- _WHAT IS REQUIRED_: Exactly as given, write out the lines from the one containing "Kuchynka NIKA s" through the end of the listing, with both ends included and nothing else.

- _EXERCISE DATA_:

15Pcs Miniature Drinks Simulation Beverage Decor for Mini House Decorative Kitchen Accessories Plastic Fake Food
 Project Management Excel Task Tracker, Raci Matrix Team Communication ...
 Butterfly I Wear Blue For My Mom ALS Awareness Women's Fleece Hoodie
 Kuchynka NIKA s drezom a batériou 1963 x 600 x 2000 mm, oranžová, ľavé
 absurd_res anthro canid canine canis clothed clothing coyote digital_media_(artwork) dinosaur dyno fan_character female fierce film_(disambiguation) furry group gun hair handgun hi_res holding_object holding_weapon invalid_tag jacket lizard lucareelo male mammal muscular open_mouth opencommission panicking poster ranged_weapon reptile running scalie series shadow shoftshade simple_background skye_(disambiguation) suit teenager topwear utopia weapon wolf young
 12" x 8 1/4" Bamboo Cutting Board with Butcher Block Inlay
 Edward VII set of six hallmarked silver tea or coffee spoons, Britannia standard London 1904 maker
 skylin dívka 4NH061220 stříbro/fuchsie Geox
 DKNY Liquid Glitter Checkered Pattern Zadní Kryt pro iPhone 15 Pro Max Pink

- _RESULT OF THIS TASK_:
 Kuchynka NIKA s drezom a batériou 1963 x 600 x 2000 mm, oranžová, ľavé
 absurd_res anthro canid canine canis clothed clothing coyote digital_media_(artwork) dinosaur dyno fan_character female fierce film_(disambiguation) furry group gun hair handgun hi_res holding_object holding_weapon invalid_tag jacket lizard lucareelo male mammal muscular open_mouth opencommission panicking poster ranged_weapon reptile running scalie series shadow shoftshade simple_background skye_(disambiguation) suit teenager topwear utopia weapon wolf young
 12" x 8 1/4" Bamboo Cutting Board with Butcher Block Inlay
 Edward VII set of six hallmarked silver tea or coffee spoons, Britannia standard London 1904 maker
 skylin dívka 4NH061220 stříbro/fuchsie Geox
 DKNY Liquid Glitter Checkered Pattern Zadní Kryt pro iPhone 15 Pro Max Pink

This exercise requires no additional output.